■ About this task ■
Please reproduce, exactly as given, the lines running from the start of the data to the line containing "Village, FL 33141", inclusive, and omit the pictures.

■ Data excerpts ■
━━━

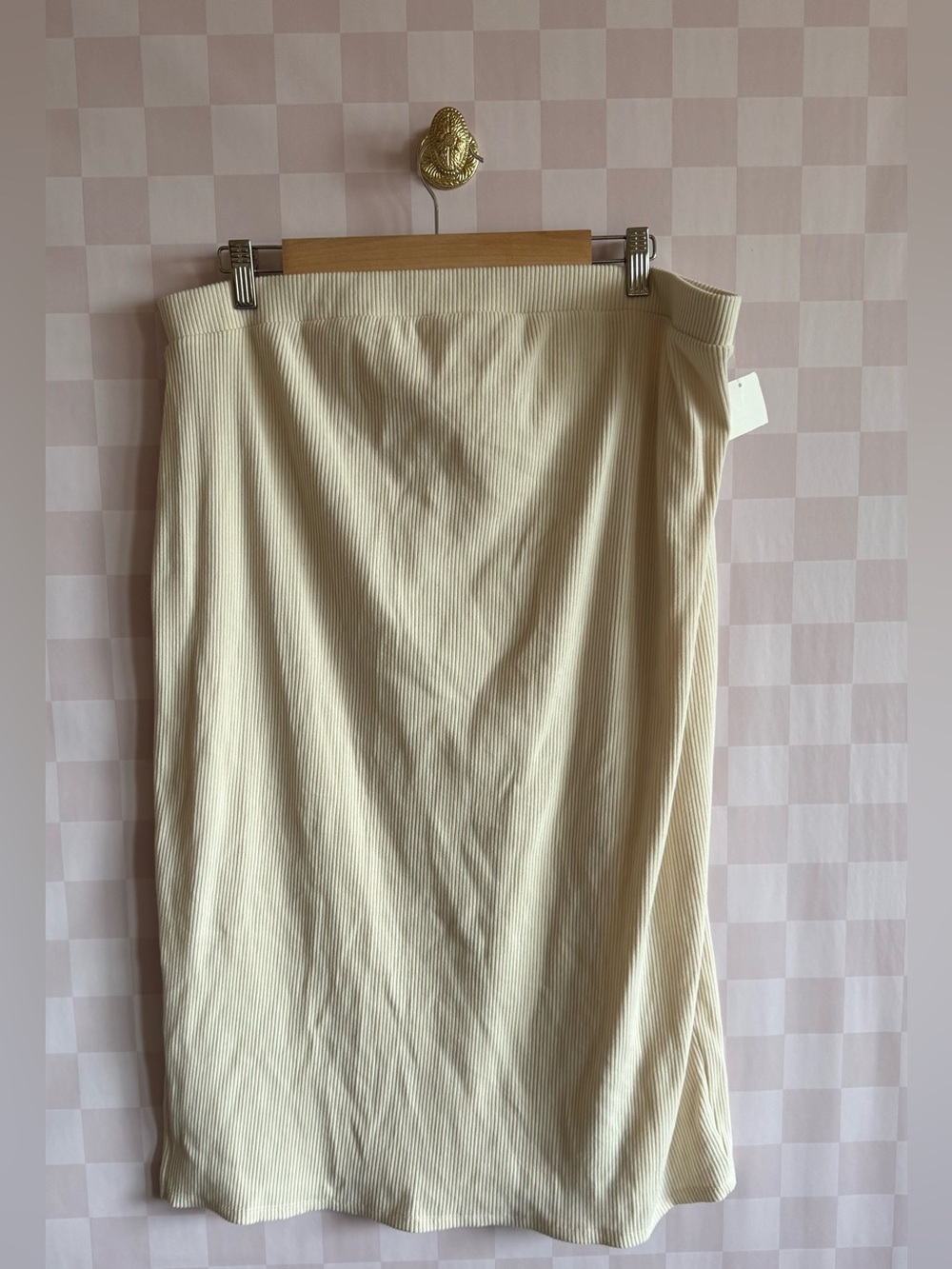 🧶🦊🍄🍁🍂🌻🌞
Cream Ribbed Midi Skirt
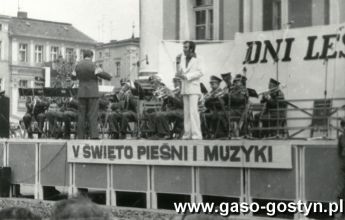 896.Koncert Orkiestry Detej Cukrowni Gostyn podczas Swieta Piesni i Muzyki (DNI LESZNA 1980r.)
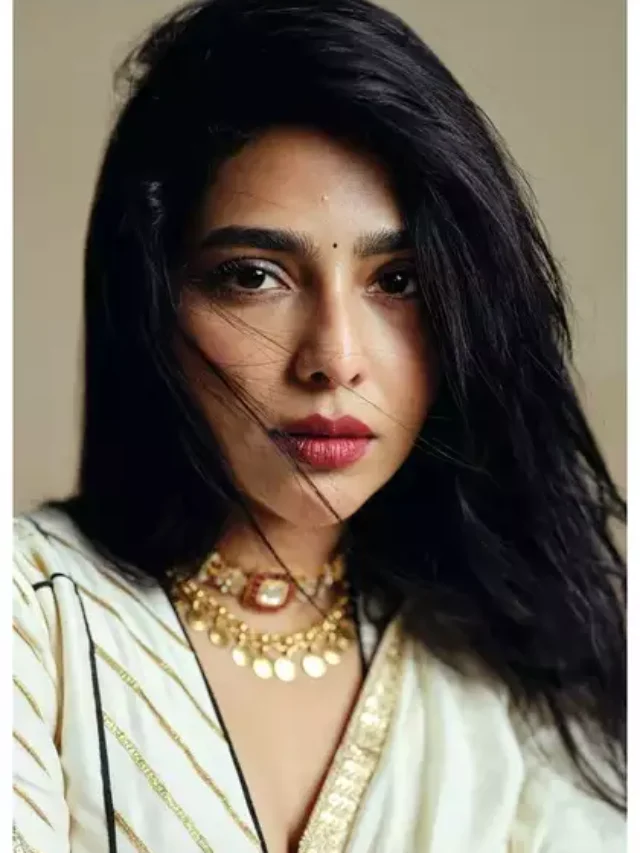 Aishwarya Lekshmi’s Picture with golden glow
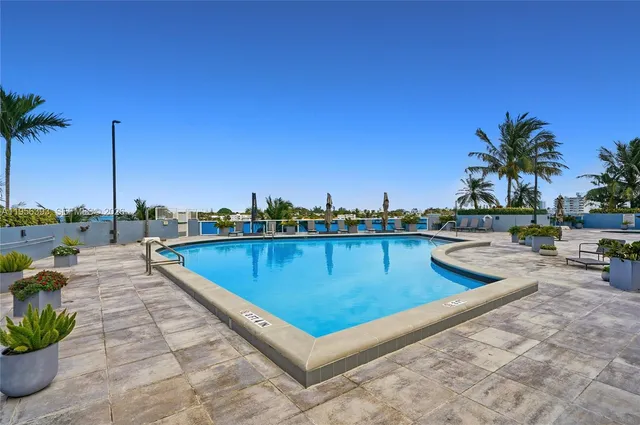 $524,900 | 1881 79th Street Causeway, Unit 1705, North Bay Village, FL 33141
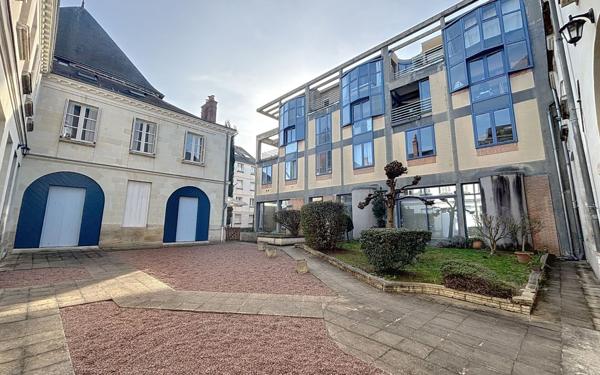 Appartement à vendre    3 pièces • 82,41 m2 Tours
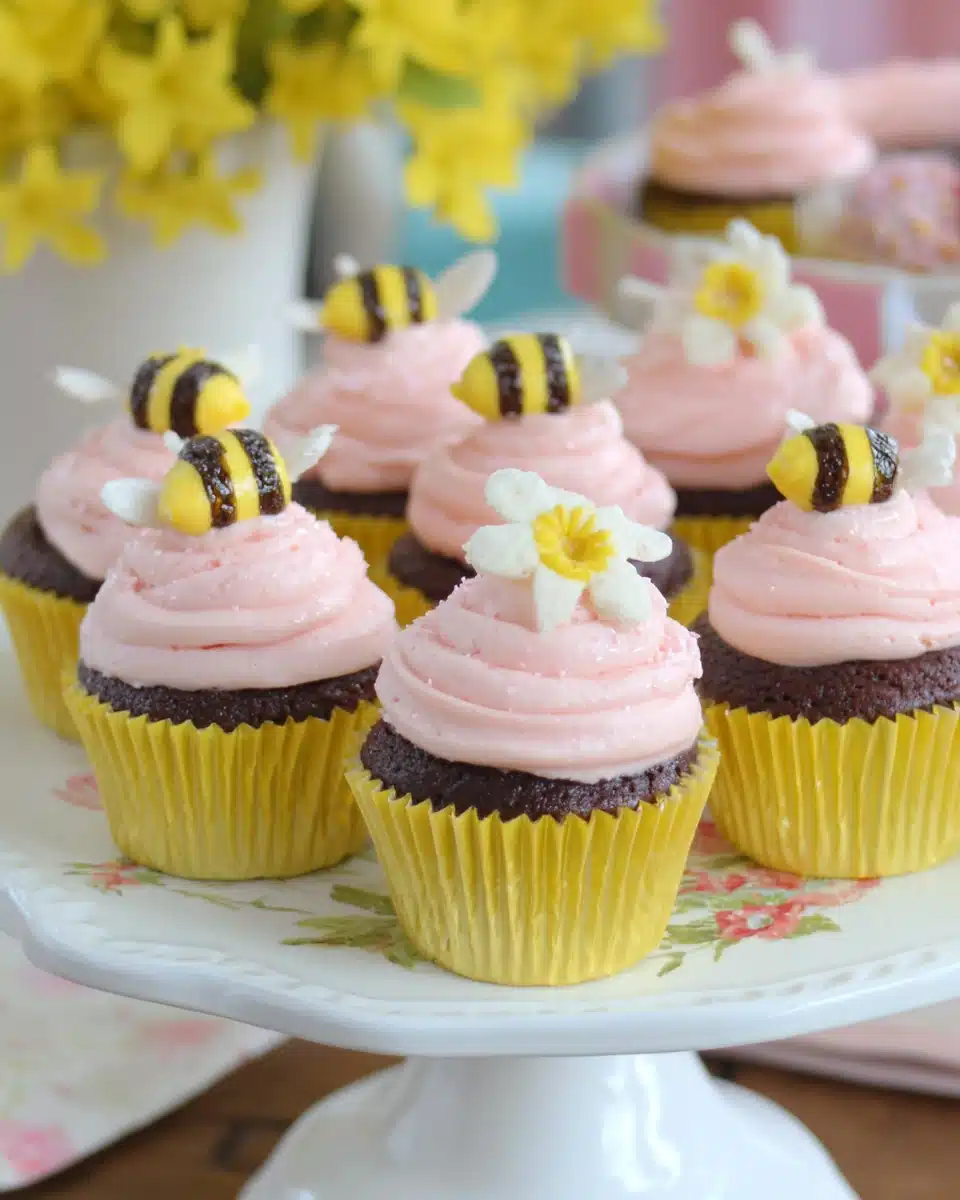 Bumblebee and Flower Cupcakes for Spring DIY bumblebee and flower cupcakes for a playful dessert.
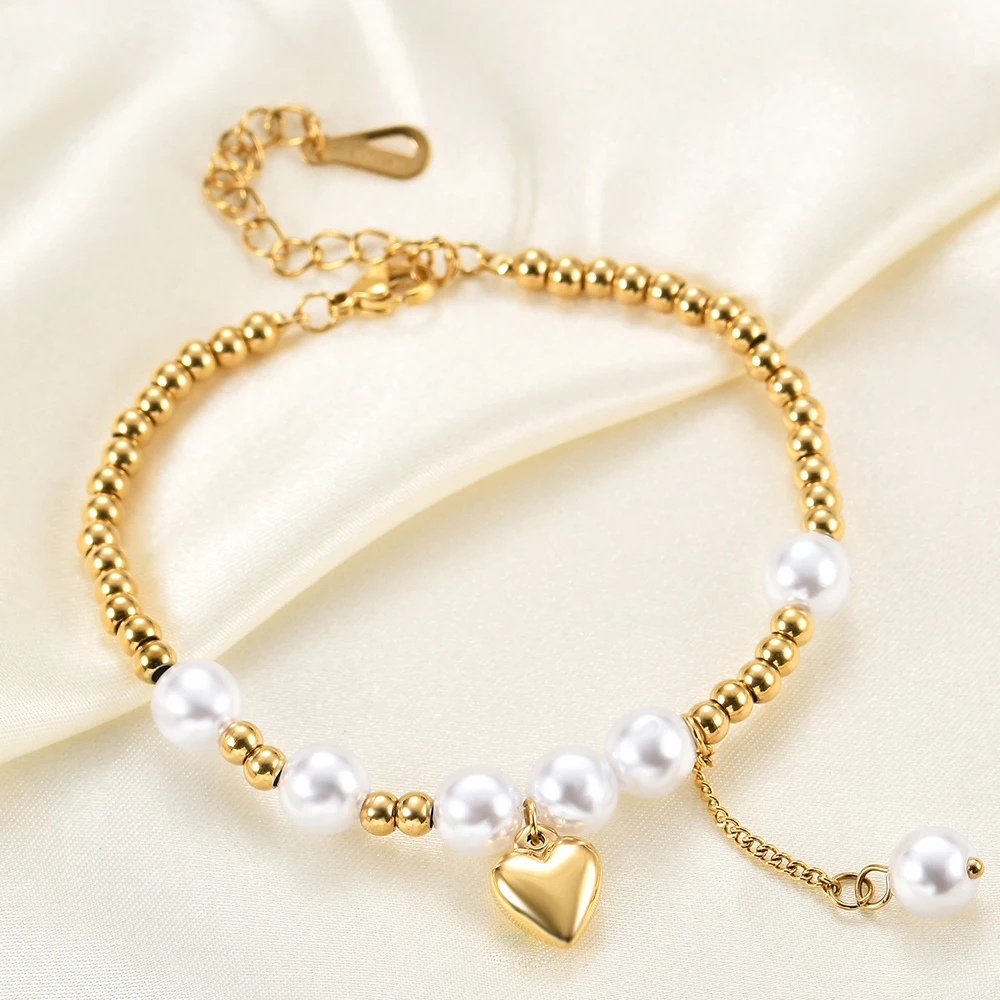 

Fashion Jewelry new retro niche design sense high-end love peach heart stitching imitation pearl bracelet for women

━━━

■ Solution below ■
 🧶🦊🍄🍁🍂🌻🌞
Cream Ribbed Midi Skirt
 896.Koncert Orkiestry Detej Cukrowni Gostyn podczas Swieta Piesni i Muzyki (DNI LESZNA 1980r.)
 Aishwarya Lekshmi’s Picture with golden glow
 $524,900 | 1881 79th Street Causeway, Unit 1705, North Bay Village, FL 33141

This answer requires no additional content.